The USPS has issued a set of four stamps honoring great film directors and the films for which they are most remembered. The four selected are: John Ford (The Searchers), John Huston (The Maltese Falcon), Frank Capra (It Happened One Night), and Billy Wilder (Some Like It Hot). We will be exploring the lives and work of these directors over the next several weeks. In this post LR Simon discusses The Strong Man (1926).
Frank Capra and Harry Langdon had a short but impressive partnership in silent films in which Langdon played a character similar to the Tramp character played by Charlie Chaplin, and achieving similar, though less lasting, fame. The Strong Man was one of the first films Capra and Langdon made together with Capra directing. The film opens on a World War I battlefield, with Paul Bergot (Langdon) reading a letter from his pen-pal, Mary (Priscilla Bonner). His reverie is interrupted by a one-on-one fight in which he is armed with a slingshot and his opponent with guns.

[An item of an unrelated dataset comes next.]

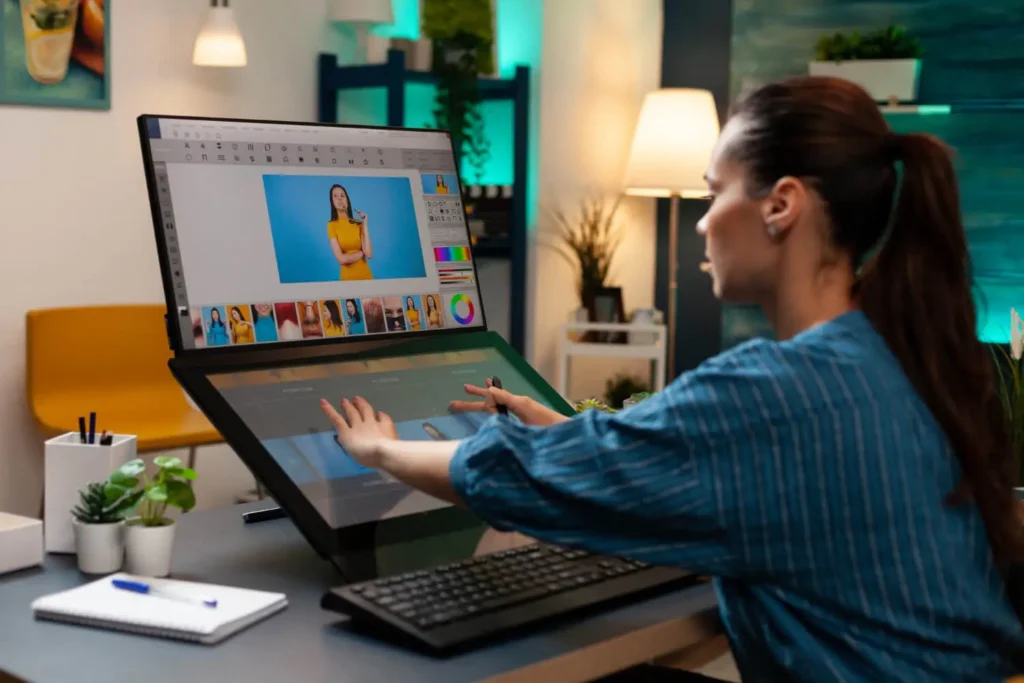 Sistemas de automatización: mujer manejando computador con dibujos 3D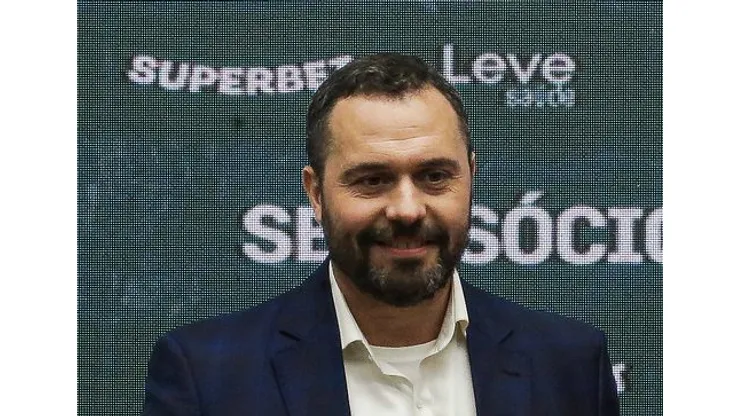 Bittencourt acelera as negociação com meio-campista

Bergot is taken prisoner by a German soldier and eventually returns with him to the United States. They get separated in New York as Bergot tries to locate Mary. When a woman in New York (Lily, played by Gertrude Astor) stashes some money in Bergot’s pocket to keep the police from finding it on her, she pretends to be Mary in order to get the money back. This impersonation leads to one of the most memorable bits of physical comedy in the entire film.
Later in the film, Bergot meets the real Mary, who had not told him that she was blind. Bergot’s reenactment of the story for Mary uses no dialogue, and the audience follows without difficulty. The skinny Bergot eventually is pressured into taking over a scheduled performance for an unconscious strong man. In the process, he saves Mary’s hometown from being taken over by bootleggers and other criminals. The silly plot serves to provide Langdon opportunities to do the physical comedy that was his forte.
Langdon and Bonner have a genuine connection that provides the film its emotional heart. Even at this early stage of his career, Capra had an affection for his characters that made it easy for the audience to relate to them, even if the storylines were occasionally preposterous.